…pewnie nie muszę już pisać, że będę generalizował?
…nie wiem, czy bardziej mnie nudzi, czy bardziej denerwuje narzekanie na kościół.
…coraz mniej je rozumiem i coraz bardziej, nie chce mi się już go słuchać. i to bardzo. szczerze mówiąc.
…narzekań ludzi, którzy na przykład mają dziecko w wieku komunijnym/bierzmowalnym i opowiadają, jak to musi ono latać codziennie do kościoła na egzaminy, próby, spowiedzi, dodatkowe msze opatrzone pieczątką…
…narzekań nowożeńców, którzy musieli zapłacić za ślub tyle i tyle, bo dekoracja kościoła, bo specjalne krzesła, bo kwiaty, bo gołąbki, etc.
…narzekań rodziców, którym nie podoba się ksiądz uczący religii.
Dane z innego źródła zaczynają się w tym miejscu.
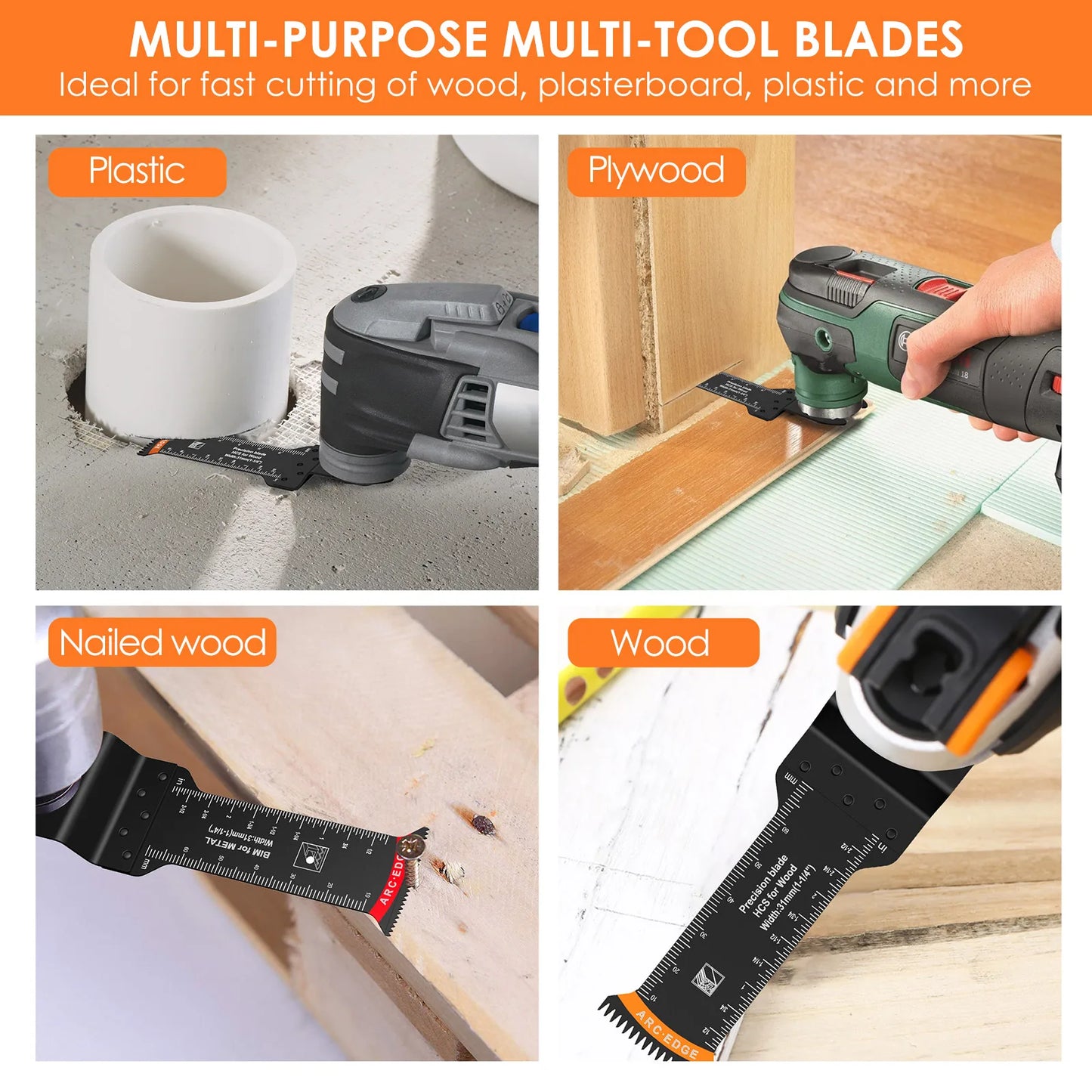 12 PCS Extra Long Oscillating Saw Blades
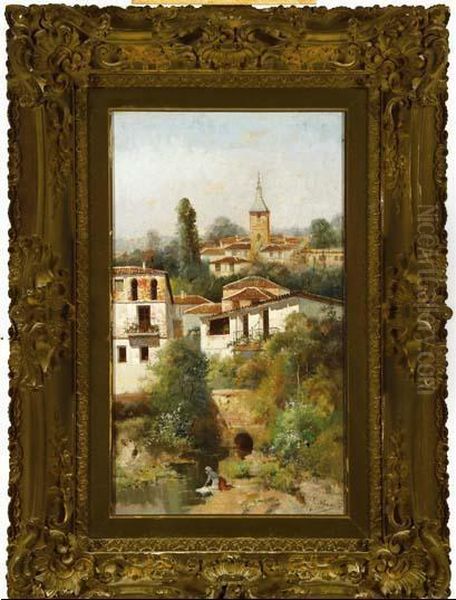 Sin Titulo Oil Painting by Jose Maria Jardines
…narzekań na kolędę. że nie wiem, ile włożyć do koperty; że nie chcę, żeby mi łaził koleś po domu i rozliczał; że nie chcę go wpuszczać, ale sąsiad wpuścił, a poza tym moje dziecko idzie do komunii („ty wiesz w ogóle, ile taka impreza kosztuje?!”).
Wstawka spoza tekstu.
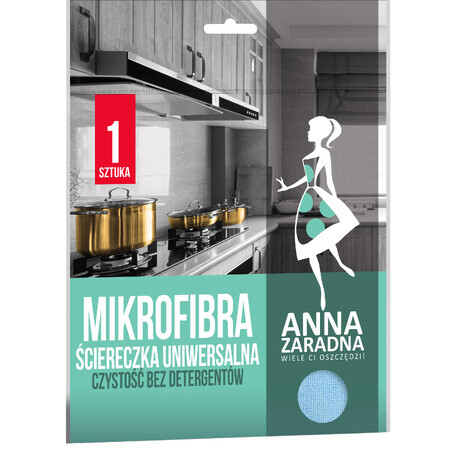 Серветки для прибирання Anna Zaradna з мікрофібри універсальна 1 шт.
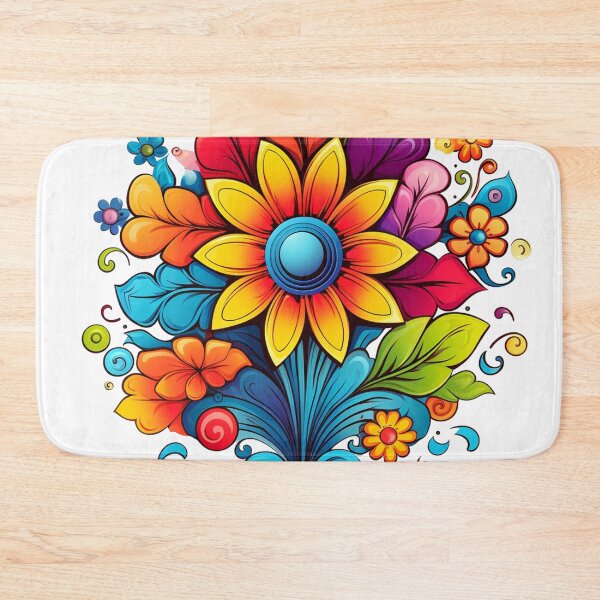 Item preview, bright colored flowers designed and sold by Nanthikan.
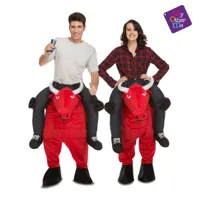 Instap Kostuum Rode Stier - thumbnail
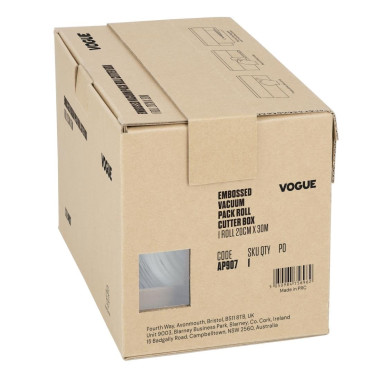 Rouleau de sacs sous-vide gaufrés avec boîte distributrice largeur 200 mm - Vogue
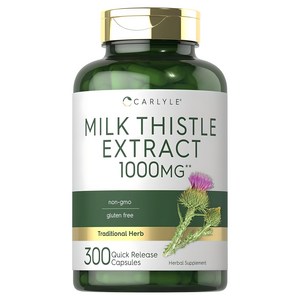 칼라일 밀크 시슬 추출물 1000mg 캡슐, 1개, 300정 골드박스 특가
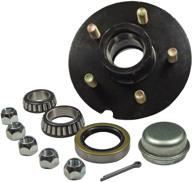 🚗 trailer hub kit for 1-3/8" inner / 1-1/16" outer tapered spindle - 5 bolt on 4-1/2" bolt circle by rigid hitch logo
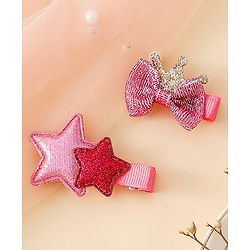 Babyhug Free Size Hair Pins And Clips - Pink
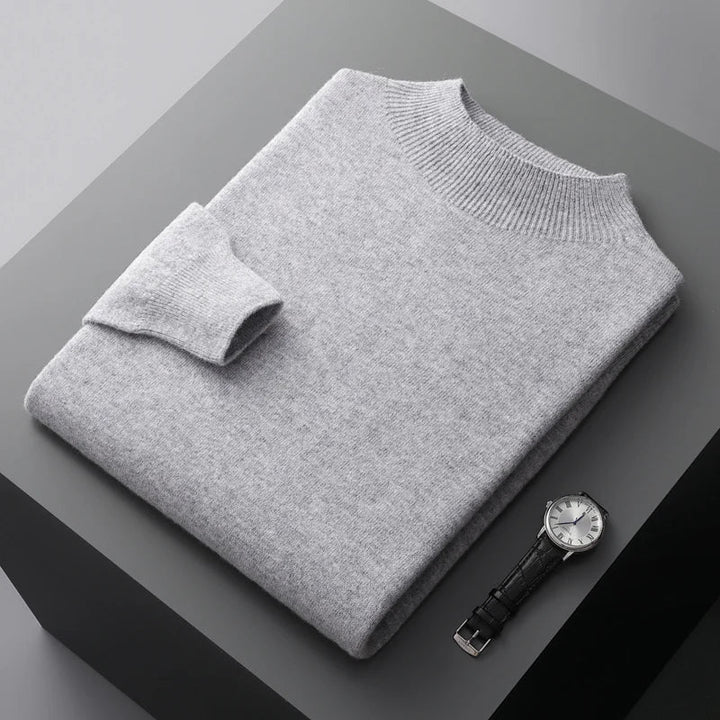 Sweater - Soft Fiber Blend And Simple Lines For Warmth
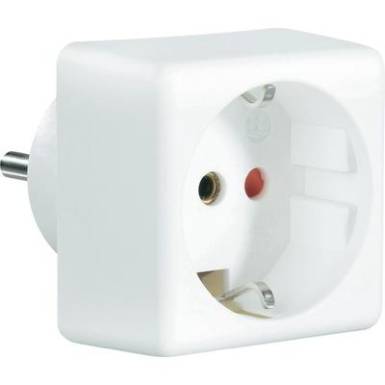 Konnektor átalakító adapter Európa, fehér, 141k Konnektor átalakító adapter Európa, fehér, 141k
…narzekań, że nasz ksiądz to ma nieślubne dziecko, nasz przegrał w karty samochód, a z naszego jest straszny cham.
…nie mogę już tego wszystkiego słuchać, z jednego prostego powodu – nie ma w tym cienia prawdy!
…nic nie musimy, nikt nas do niczego nie zmusza i nie zmusi. to nie wiara nakazuje ludziom płacić za chrzty, komunie, śluby. to nie pan jezus mówi im, że mają wkładać grube kwoty w pokolędowe koperty.
…niech nikt mi nie wmawia, że jest przymus i że się nie da. bo da się. bo można. bo wszystko zależy od chcenia. i myślenia.
…bardzo chcę wziąć kościelny ślub albo ochrzcić dziecko, ale nie mam pieniędzy? – nie daję. bo nie mam!
…nie chcę księdza w mieszkaniu – nie otwieram.
…dostawia się katecheta do nieletnich – składam skargę.
…nie chcę/nie stać mnie na wydanie dziesięciu tysięcy na imprezę komunijną – nie spraszam setki gości, nie wynajmuję lokali, nie…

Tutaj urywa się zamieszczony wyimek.